While covering these trials, Ritz worked with several journalists, including the late New York Daily News reporter Theo Wilson, Associated Press senior trial reporter and special correspondent, Linda Deutsch, and Associated Press chief United Nations correspondent, Edie Lederer.

Ritz's courtroom drawings of the Angela Davis trial were featured in the 2012 documentary, Free Angela and All Political Prisoners.

Ritz continued to cover trials through the early 1980s.

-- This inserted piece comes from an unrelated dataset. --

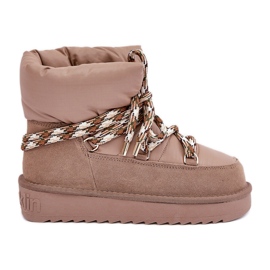 Snestøvler i ruskind til kvinder med tyk snøre D.Franklin DFSH375003 beige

In the 1990s, the Associated Press brought Ritz out of retirement to cover the O. J. Simpson civil trial.

==Shows and exhibitions==

Early in Ritz's career, selected works (oil paintings) went on display at national juried shows at Corcoran Gallery of Art and at the Smithsonian.

During her years as a Courtroom Artist, Ritz's sketches appeared in numerous publications, including the Washington Post and various Associated Press affiliates. Ritz's sketches were also used on CBS news broadcasts and other media outlets.

In 1993, Ritz donated 1,837 courtroom drawings to the UC Berkeley Bancroft Library.

In 2005, the UC Berkeley Art Museum held an exposition of Ritz's sketches.

Later that year, the California Senate followed up with an exposition of Ritz's selected works.

==Death==
Rosalie Ritz died in California on April 18, 2008, nine months after the passing of her husband of 61 years, Erwin Ritz. She is survived by four children, five grandchildren and one great-granddaughter.